▸ Your assignment:
Restate all of the records below exactly. Do not carry over any image.

▸ Supplied information:
*** Begin section ***

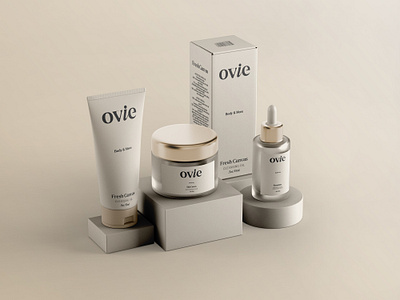 Ovie beauty brand identity cosmetics packaging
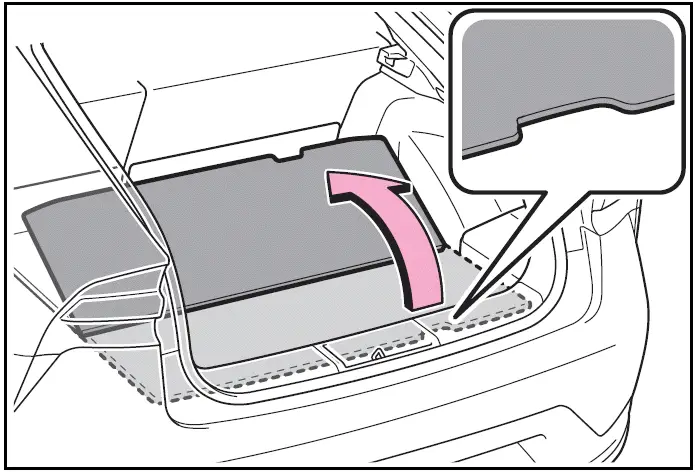 Removing the 12-volt battery cover / Toyota Prius 2024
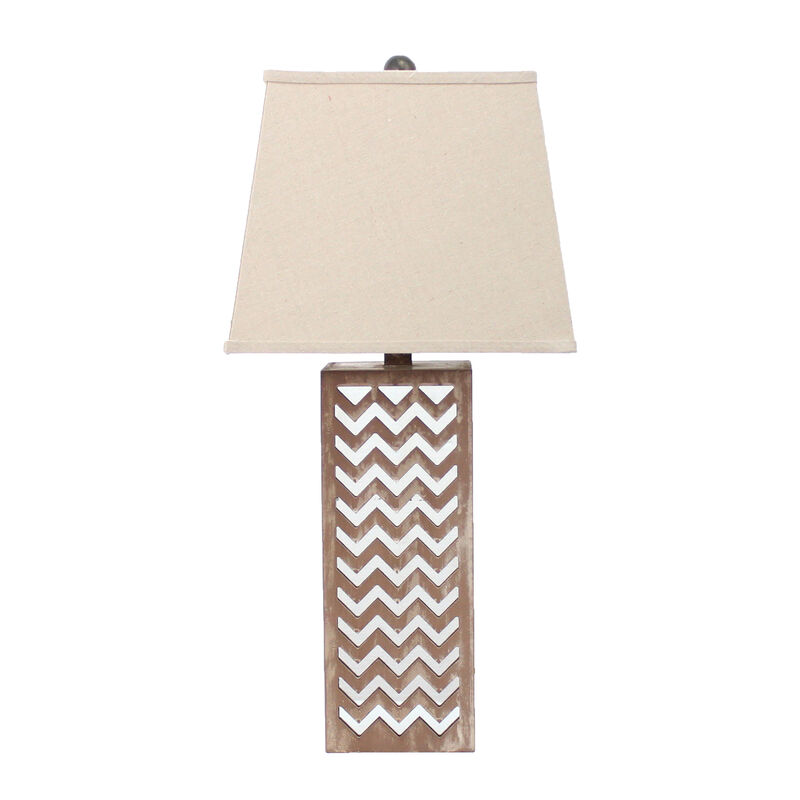 Hivvago 28" Distressed Natural And Silver Metal Bedside Lamp With Beige Cone Shade
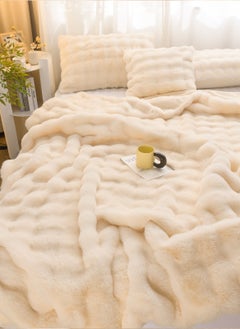 اشتري Winter Blanket Thickened Double-sided Plush Blanket Bedroom Throw Blanket Soft Warm Rabbit Fleece Throw Blanket في السعودية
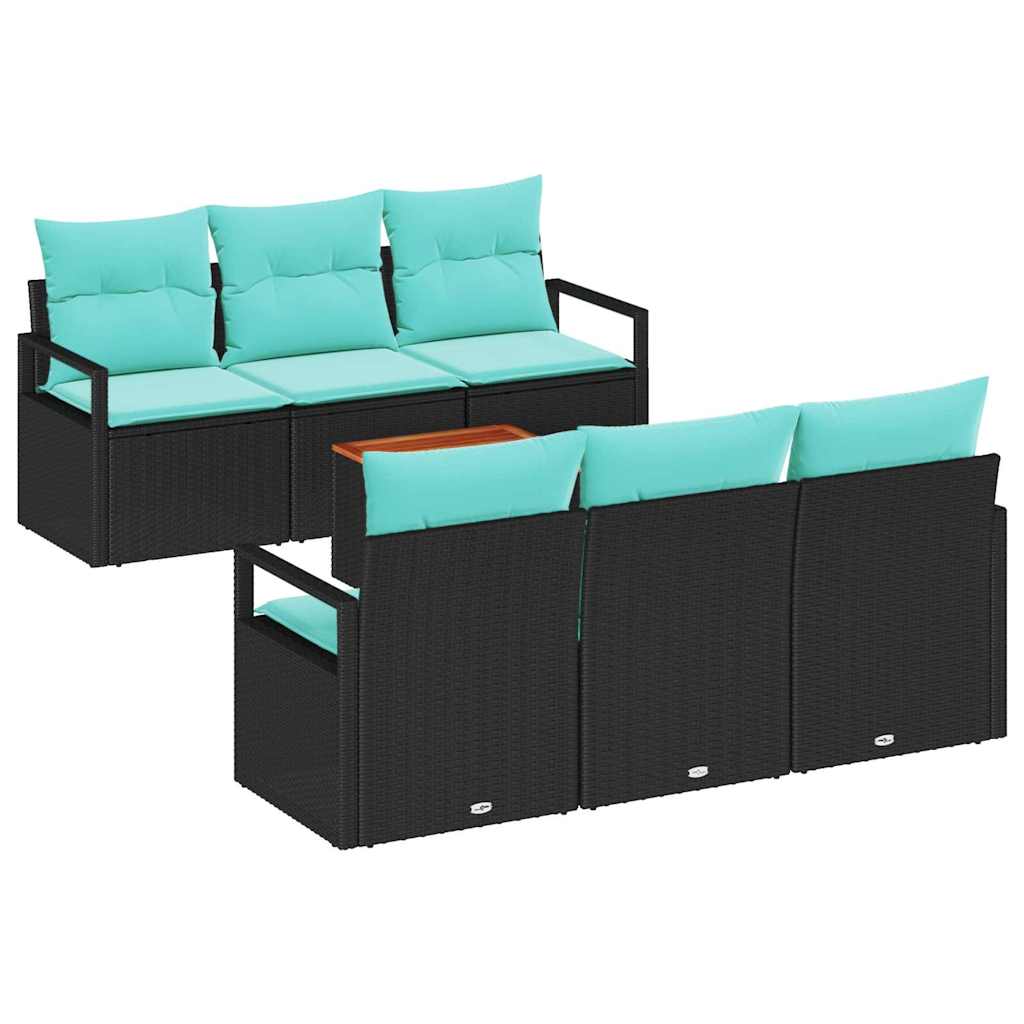 vidaXL Tuinbankenset met kussen 7 pcs Grijs poly rattan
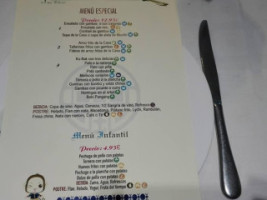 Tres Delícies menu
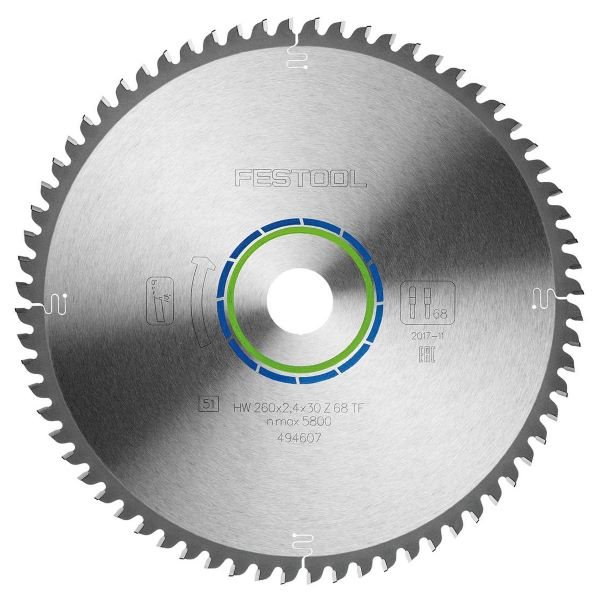 Festool Sågklinga ALUMINIUM/PLASTICS HW 260x2,4x30 TF68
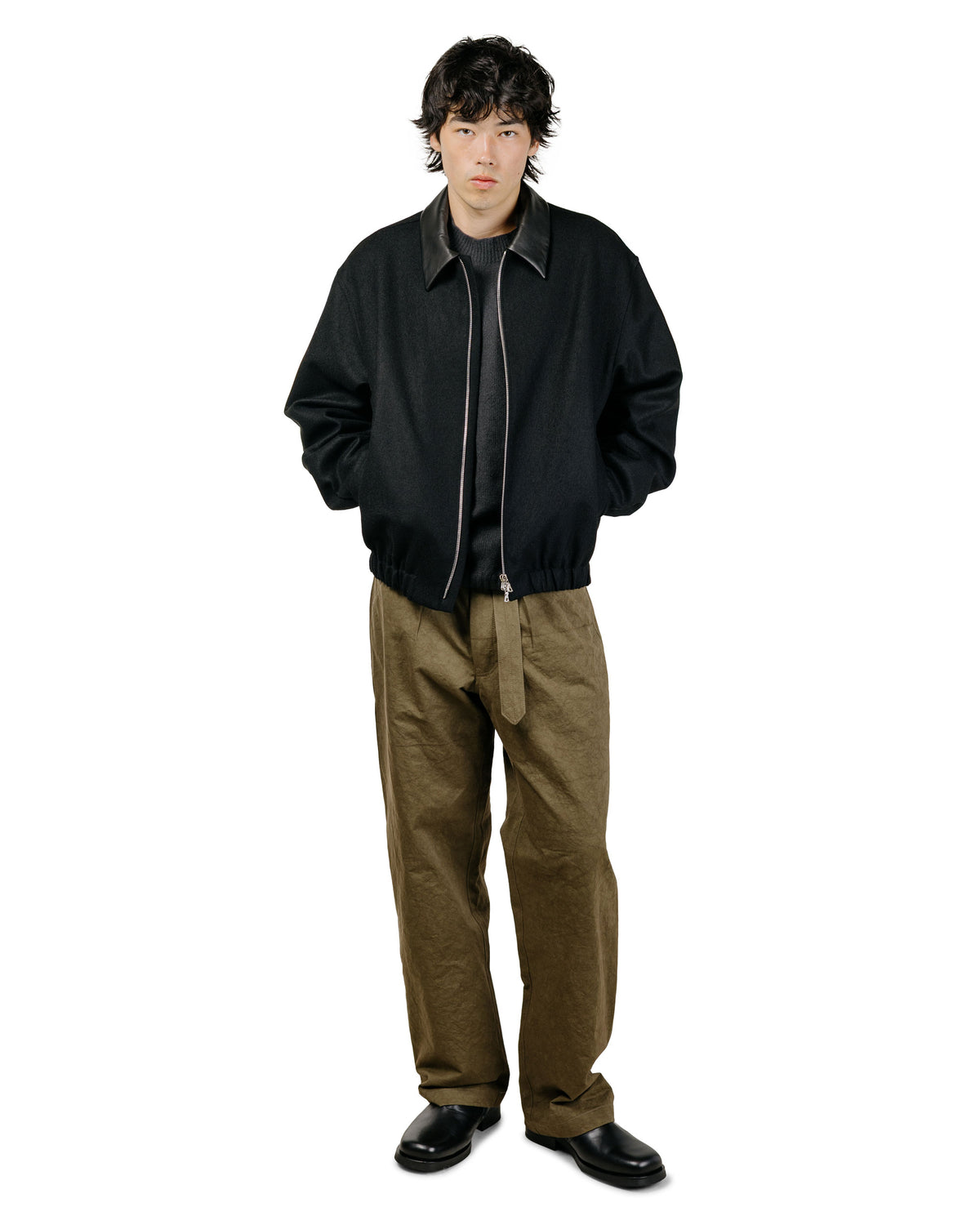 Wanze Harrington Jacket Wool Serge Black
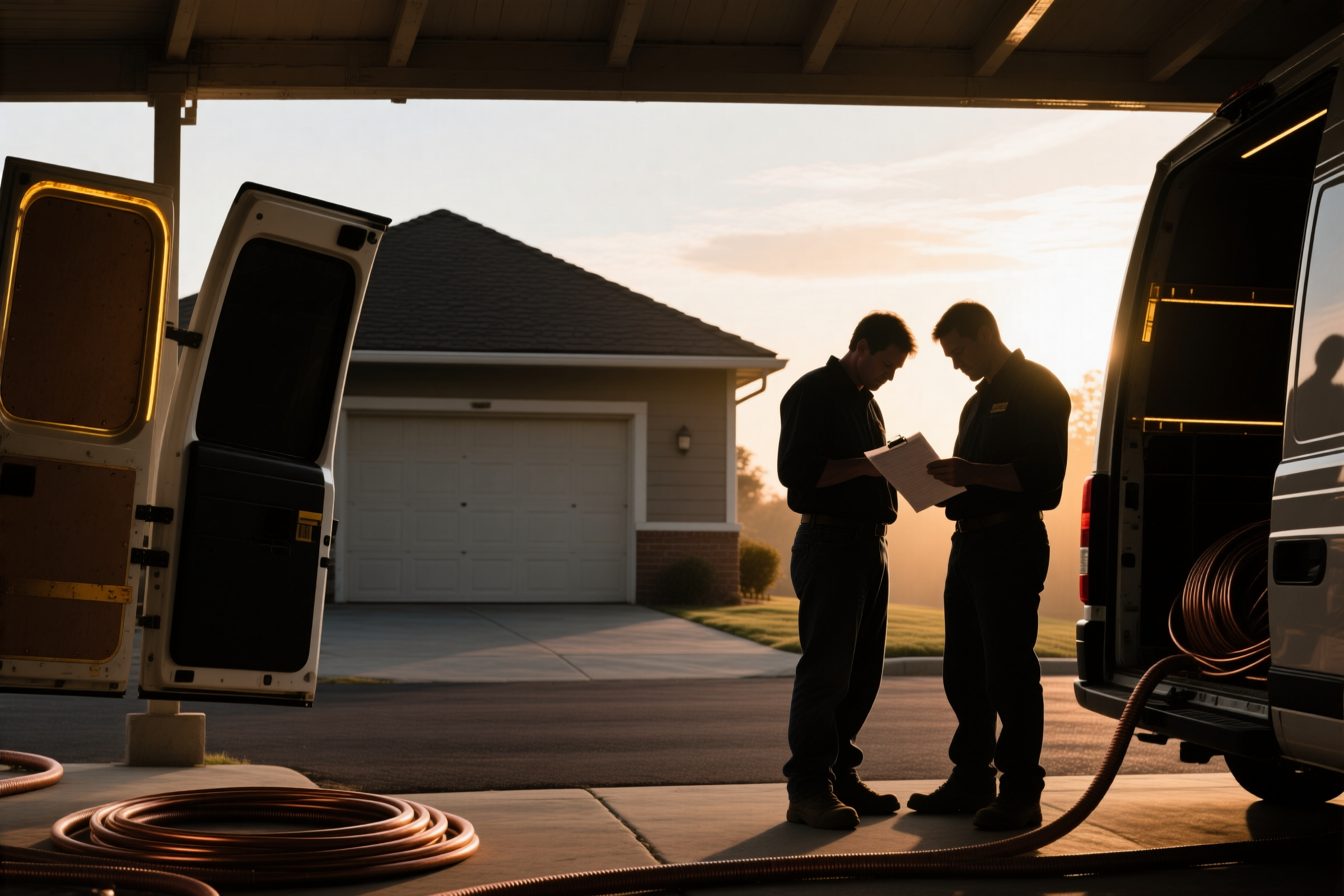 Two DHS technicians going over a job sheet together at the open doors of the service van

*** End section ***

▸ Exercise result:
 Ovie beauty brand identity cosmetics packaging
 Removing the 12-volt battery cover / Toyota Prius 2024
 Hivvago 28" Distressed Natural And Silver Metal Bedside Lamp With Beige Cone Shade
 اشتري Winter Blanket Thickened Double-sided Plush Blanket Bedroom Throw Blanket Soft Warm Rabbit Fleece Throw Blanket في السعودية
 vidaXL Tuinbankenset met kussen 7 pcs Grijs poly rattan
 Tres Delícies menu
 Festool Sågklinga ALUMINIUM/PLASTICS HW 260x2,4x30 TF68
 Wanze Harrington Jacket Wool Serge Black
 Two DHS technicians going over a job sheet together at the open doors of the service van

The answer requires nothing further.